PORTLAND, Maine — We know by way of temperature proxies such as ice cores, snow, fossilized corals, and lake sediment that although the Earth has warmed and cooled in the past, it has never done so at such a rapid rate.
According to NASA, our current warming is occurring roughly 10 times faster than the average rate of warming after an ice age.
But would the earth be in a warming phase if it weren’t for anthropogenic influence, aka the human activity such as burning fossil fuels?
To get to the root of this question we need to understand something known as radiative forcing.
Radiative forcing is the change in energy flux in the atmosphere caused by natural and manmade factors. It’s measured in watts per square meter. The balance of radiative forcing determines whether the earth is warming or cooling.
Because the atmosphere is complex, there are several factors that can impact the radiative forcing budget.
The most obvious may be the sun. The sun provides nearly all the energy to the earth via incoming solar radiation, but it doesn’t tend to vary much on small time scales such as hundreds or thousands of years.
There are several satellites that measure the incoming radiation from the sun now, and when paired with historical reconstructions via sunspot data, the graph shows a stable trend going back to least the 1880s, which is considered the beginning of the industrial revolution.
And remember, we are looking to explain rapid warming in relatively recent years, so that’s out.

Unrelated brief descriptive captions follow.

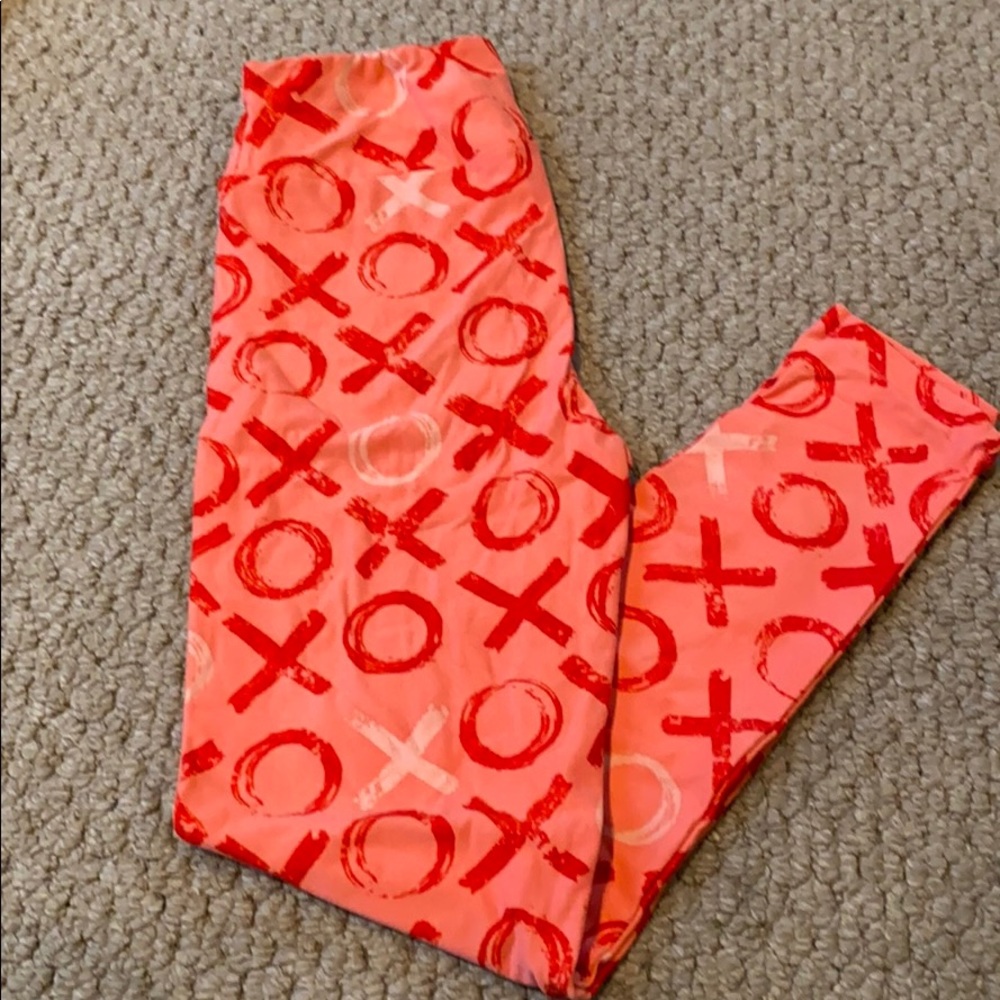 LuLaRoe one size fit leggings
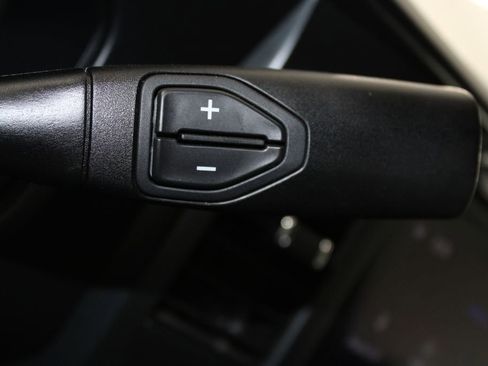 Used 2024 Ford F250 Lariat w/ Black Appearance Package image 47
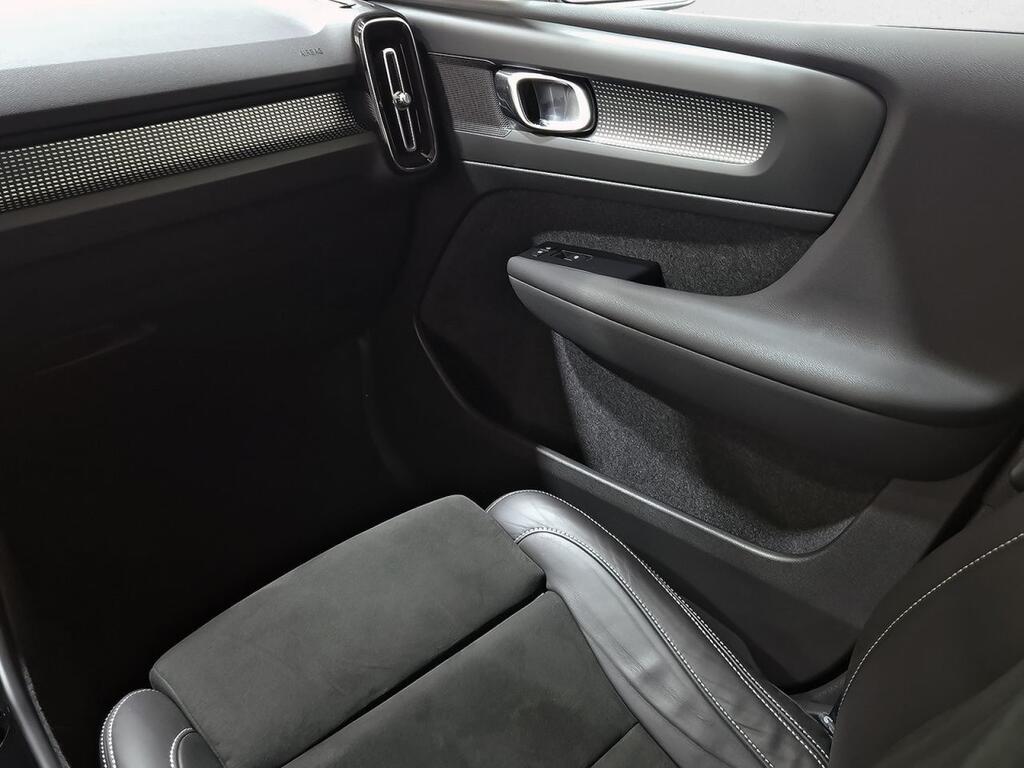 Volvo XC40 2.0 B3 G R-Design Auto Segunda mano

Digging further into the forcing, you’ll see ozone broken into two colors in the same bar on our chart. A slight depletion in the stratospheric ozone, which has greatly improved since banning CFCS in the mid 1980s, has had a net cooling affect. The tropospheric ozone is the primary ingredient in smog and acts as a greenhouse gas trapping heat.
The biggest cooling effect you’ll see on the manmade side is “aerosol cloud interaction.” As particulate and pollution is put into the atmosphere by humans, it can act as cloud nuclei, increasing cloud albedo, which reflects more shortwave radiation back into space and allows less of the solar energy to the surface.
You can see even seemingly small forcing mechanisms are taken into account such as “black carbon on snow.” That is when soot from pollution accumulates on snow and ice. This darker color causes the albedo of the snow to change which causes it to melt faster, which exposes more earth, which has an even higher albedo and absorbs more sunlight.
Breaking down all these forcing mechanisms, we can reach the conclusion that without man-made influences the Earth would be in a nearly stable temperature regime since the industrial revolution. Instead, we are warming faster than any other period in history.
One last thought, the timescale here is the key. We’ve had ice ages, and we’ve come out of them long before man put a carbon footprint into the atmosphere. But those changes occurred over tens of thousands to hundreds of thousands of years via known mechanisms like Milankovitch cycles. These cycles include variations in the shape of Earth’s orbit, The angle Earth’s axis is tilted with respect to Earth’s orbital plane, and the direction Earth’s axis of rotation is pointed.
These cycles cannot and do not explain our rapid warming over the past 100 years.